Blood-testing company Theranos forced to dissolve
The start-up, once with a valuation of nearly $10B, cannot find any buyers
Theranos, the Silicon Valley blood-testing startup that promised plenty but failed to deliver, is shutting down 15 years after it was founded.
An email to shareholders says the company — which at one time had a valuation of nearly $10 billion and whose board of directors included former secretaries of state and current Secretary of Defense James Mattis — cannot find any buyers and will be dissolved.
“I write with difficult news about the future of the Company,” the letter from CEO David Taylor began.
Taylor took over in June for Elizabeth Holmes, the founder of the company who is now facing criminal fraud charges. He joined Theranos as its general counsel in 2016, a year after reports by the Wall Street Journal called into question claims by Holmes — who founded Theranos as a 19-year-old Stanford University dropout — that the company could use a pin prick’s worth of blood for multiple blood tests.
Taylor said investment bank Jefferies “reached out on our behalf to over 80 potential sale counter-parties,” but came away with no buyers.

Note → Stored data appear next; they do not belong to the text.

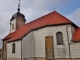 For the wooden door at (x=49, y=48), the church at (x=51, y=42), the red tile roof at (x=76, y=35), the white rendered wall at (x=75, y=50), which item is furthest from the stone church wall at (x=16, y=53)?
the red tile roof at (x=76, y=35)

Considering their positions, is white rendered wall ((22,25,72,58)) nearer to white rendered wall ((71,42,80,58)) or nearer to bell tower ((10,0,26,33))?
white rendered wall ((71,42,80,58))

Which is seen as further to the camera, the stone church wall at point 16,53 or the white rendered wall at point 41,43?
the stone church wall at point 16,53

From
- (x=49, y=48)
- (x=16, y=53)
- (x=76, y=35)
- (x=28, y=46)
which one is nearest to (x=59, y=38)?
(x=49, y=48)

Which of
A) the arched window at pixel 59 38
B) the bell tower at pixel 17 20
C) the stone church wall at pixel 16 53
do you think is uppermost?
the bell tower at pixel 17 20

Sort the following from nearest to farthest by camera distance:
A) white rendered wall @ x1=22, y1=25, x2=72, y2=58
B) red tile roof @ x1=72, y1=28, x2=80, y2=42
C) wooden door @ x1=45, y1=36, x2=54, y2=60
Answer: red tile roof @ x1=72, y1=28, x2=80, y2=42 < white rendered wall @ x1=22, y1=25, x2=72, y2=58 < wooden door @ x1=45, y1=36, x2=54, y2=60

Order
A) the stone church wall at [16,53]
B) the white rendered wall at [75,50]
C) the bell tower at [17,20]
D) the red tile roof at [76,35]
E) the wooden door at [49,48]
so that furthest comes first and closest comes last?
the bell tower at [17,20] → the stone church wall at [16,53] → the wooden door at [49,48] → the red tile roof at [76,35] → the white rendered wall at [75,50]

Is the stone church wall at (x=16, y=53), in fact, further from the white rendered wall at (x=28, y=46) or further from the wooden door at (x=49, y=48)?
the wooden door at (x=49, y=48)

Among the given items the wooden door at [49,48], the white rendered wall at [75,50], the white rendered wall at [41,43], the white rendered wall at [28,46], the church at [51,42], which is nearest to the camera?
the white rendered wall at [75,50]

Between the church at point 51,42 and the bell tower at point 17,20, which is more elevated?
the bell tower at point 17,20

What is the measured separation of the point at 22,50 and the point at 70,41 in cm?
721

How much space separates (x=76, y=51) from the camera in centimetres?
1420

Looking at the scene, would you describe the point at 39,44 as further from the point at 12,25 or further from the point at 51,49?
the point at 12,25

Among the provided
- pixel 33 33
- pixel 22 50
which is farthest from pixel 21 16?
pixel 22 50

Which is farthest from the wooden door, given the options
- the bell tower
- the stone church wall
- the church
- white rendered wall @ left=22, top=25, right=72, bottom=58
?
the bell tower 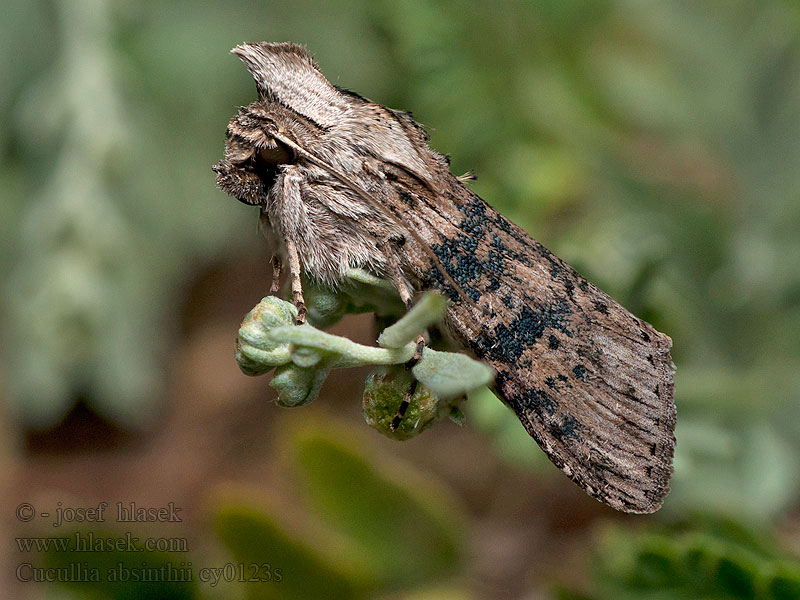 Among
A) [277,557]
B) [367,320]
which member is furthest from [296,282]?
[367,320]

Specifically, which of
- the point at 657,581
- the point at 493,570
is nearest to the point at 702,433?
the point at 657,581

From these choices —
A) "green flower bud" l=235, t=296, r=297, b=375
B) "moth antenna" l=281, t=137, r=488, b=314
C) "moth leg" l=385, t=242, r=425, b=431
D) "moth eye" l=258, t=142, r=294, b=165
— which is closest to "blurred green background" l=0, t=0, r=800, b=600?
"moth antenna" l=281, t=137, r=488, b=314

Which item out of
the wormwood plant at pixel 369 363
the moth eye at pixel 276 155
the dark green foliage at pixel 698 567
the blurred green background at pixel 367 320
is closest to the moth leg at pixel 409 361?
the wormwood plant at pixel 369 363

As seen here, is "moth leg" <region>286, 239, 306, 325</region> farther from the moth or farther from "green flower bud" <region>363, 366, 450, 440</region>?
"green flower bud" <region>363, 366, 450, 440</region>

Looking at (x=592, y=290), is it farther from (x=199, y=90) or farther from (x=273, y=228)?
(x=199, y=90)

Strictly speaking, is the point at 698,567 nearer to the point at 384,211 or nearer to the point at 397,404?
the point at 397,404

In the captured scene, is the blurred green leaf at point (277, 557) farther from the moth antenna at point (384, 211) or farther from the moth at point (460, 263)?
the moth antenna at point (384, 211)

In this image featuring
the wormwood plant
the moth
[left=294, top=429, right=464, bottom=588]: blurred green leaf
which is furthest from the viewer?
[left=294, top=429, right=464, bottom=588]: blurred green leaf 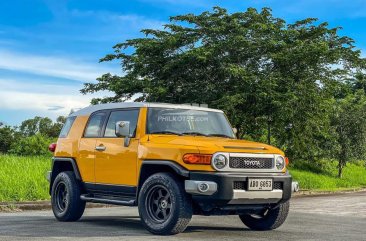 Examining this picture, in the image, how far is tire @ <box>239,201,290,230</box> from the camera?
9680mm

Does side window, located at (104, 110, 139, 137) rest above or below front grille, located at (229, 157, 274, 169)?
above

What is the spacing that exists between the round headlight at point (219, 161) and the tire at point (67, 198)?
3.10 metres

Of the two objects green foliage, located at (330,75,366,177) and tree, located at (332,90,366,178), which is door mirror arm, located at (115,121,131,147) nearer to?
green foliage, located at (330,75,366,177)

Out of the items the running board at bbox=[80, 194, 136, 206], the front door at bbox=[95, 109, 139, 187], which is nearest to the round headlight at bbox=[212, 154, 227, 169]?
the front door at bbox=[95, 109, 139, 187]

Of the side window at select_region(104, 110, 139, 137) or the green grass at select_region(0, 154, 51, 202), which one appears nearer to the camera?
the side window at select_region(104, 110, 139, 137)

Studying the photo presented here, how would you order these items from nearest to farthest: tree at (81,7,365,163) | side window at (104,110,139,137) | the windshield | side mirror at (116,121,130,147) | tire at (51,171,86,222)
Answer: side mirror at (116,121,130,147) < the windshield < side window at (104,110,139,137) < tire at (51,171,86,222) < tree at (81,7,365,163)

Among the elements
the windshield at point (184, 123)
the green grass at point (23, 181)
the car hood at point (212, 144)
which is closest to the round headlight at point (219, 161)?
the car hood at point (212, 144)

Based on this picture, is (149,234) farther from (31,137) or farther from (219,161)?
(31,137)

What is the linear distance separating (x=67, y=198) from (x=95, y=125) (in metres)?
1.35

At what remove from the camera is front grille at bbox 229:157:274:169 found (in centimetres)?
860

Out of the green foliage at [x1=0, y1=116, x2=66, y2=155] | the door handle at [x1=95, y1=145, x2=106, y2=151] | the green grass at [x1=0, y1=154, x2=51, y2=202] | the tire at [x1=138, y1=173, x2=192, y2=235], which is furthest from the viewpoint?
the green foliage at [x1=0, y1=116, x2=66, y2=155]

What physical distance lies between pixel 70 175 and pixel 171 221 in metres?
2.89

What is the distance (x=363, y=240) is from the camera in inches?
355

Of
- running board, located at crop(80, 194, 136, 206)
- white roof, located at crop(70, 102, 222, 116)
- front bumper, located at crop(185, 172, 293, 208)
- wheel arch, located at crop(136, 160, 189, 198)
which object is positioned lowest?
running board, located at crop(80, 194, 136, 206) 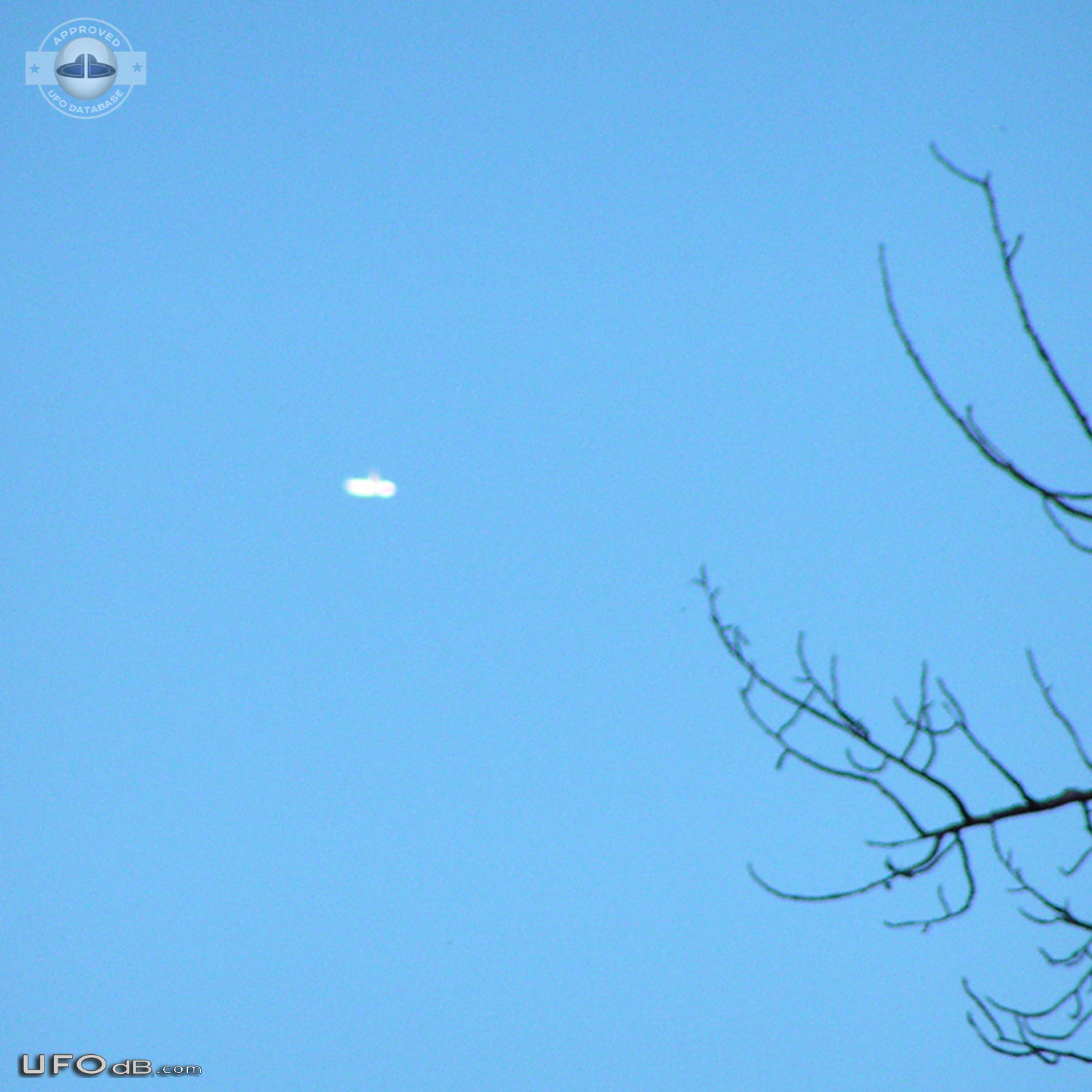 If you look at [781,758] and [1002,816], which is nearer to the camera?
[1002,816]

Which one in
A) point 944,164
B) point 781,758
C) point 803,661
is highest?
point 944,164

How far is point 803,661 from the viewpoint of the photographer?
2.55 metres

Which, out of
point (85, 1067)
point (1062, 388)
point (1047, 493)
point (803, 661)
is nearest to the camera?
point (1062, 388)

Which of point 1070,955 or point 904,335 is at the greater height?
point 904,335

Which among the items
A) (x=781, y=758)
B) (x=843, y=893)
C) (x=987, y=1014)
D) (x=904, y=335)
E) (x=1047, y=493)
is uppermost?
(x=904, y=335)

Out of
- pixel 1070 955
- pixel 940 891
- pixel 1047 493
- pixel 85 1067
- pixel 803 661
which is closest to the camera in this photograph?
pixel 1047 493

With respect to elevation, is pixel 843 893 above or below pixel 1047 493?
below

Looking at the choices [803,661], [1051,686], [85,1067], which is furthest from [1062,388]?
[85,1067]

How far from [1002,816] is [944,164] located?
1.74 metres

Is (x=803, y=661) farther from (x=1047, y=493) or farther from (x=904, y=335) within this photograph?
(x=904, y=335)

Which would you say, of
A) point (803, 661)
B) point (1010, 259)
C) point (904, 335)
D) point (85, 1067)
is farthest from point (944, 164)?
point (85, 1067)

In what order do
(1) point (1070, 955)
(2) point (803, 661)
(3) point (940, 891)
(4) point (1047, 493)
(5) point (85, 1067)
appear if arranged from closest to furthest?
(4) point (1047, 493), (2) point (803, 661), (3) point (940, 891), (1) point (1070, 955), (5) point (85, 1067)

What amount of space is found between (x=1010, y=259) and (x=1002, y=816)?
1453 millimetres

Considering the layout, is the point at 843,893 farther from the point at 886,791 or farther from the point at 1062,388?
the point at 1062,388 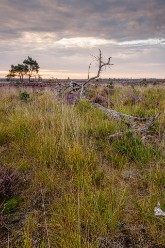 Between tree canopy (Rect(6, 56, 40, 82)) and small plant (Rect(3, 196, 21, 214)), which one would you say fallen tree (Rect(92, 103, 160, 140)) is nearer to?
small plant (Rect(3, 196, 21, 214))

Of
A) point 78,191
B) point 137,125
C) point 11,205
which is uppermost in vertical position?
point 137,125

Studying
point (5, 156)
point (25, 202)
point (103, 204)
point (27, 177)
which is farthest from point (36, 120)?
point (103, 204)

“We are now out of time,” Taylor said in the letter sent Tuesday, which was obtained by the Wall Street Journal. Theranos does not have enough cash to keep going under terms of a loan from Fortress Investment Group it secured last year, according to the letter. It has about $5 million left that will be distributed to investors.
In March, the Securities and Exchange Commission announced that it had reached a settlement with Holmes over its accusations that she and former Theranos President Ramesh “Sunny” Balwani engaged in “massive fraud” worth $700 million. Holmes, who did not admit wrongdoing, was fined $500,000
and ordered to relinquish 18.9 million shares in the company.
The unraveling of Theranos came after reports alleged it was not using its own technology in many of the blood tests it performed. Theranos later had to void a million tests, and some patients reported ill
effects from relying on inaccurate results of the testing, the Journal reported. Holmes was subsequently banned from running a blood-testing lab, then from running a public company or serving on the board of one for the next decade.
In June, Holmes appeared in federal court in San Jose to face charges of criminal fraud, and resigned as CEO of Theranos. She and Balwani
were slapped with multiple charges of wire fraud and conspiracy to commit wire fraud and are facing up to 20 years in prison.
Investors in Theranos include the Waltons of Walmart fame, Oracle founder Larry Ellison, media mogul Rupert Murdoch, venture capitalist Tim Draper and others. Theranos also had a partnership with Walgreens, which had blood-testing centers in its stores.
The Newark company’s website is no longer accessible. Calls to its phone number went unanswered Wednesday.
The Journal reports that most of the company’s employees — reported to be down to fewer than two dozen as of April, a drastic fall from a peak of 800 — worked their last day on Aug. 31.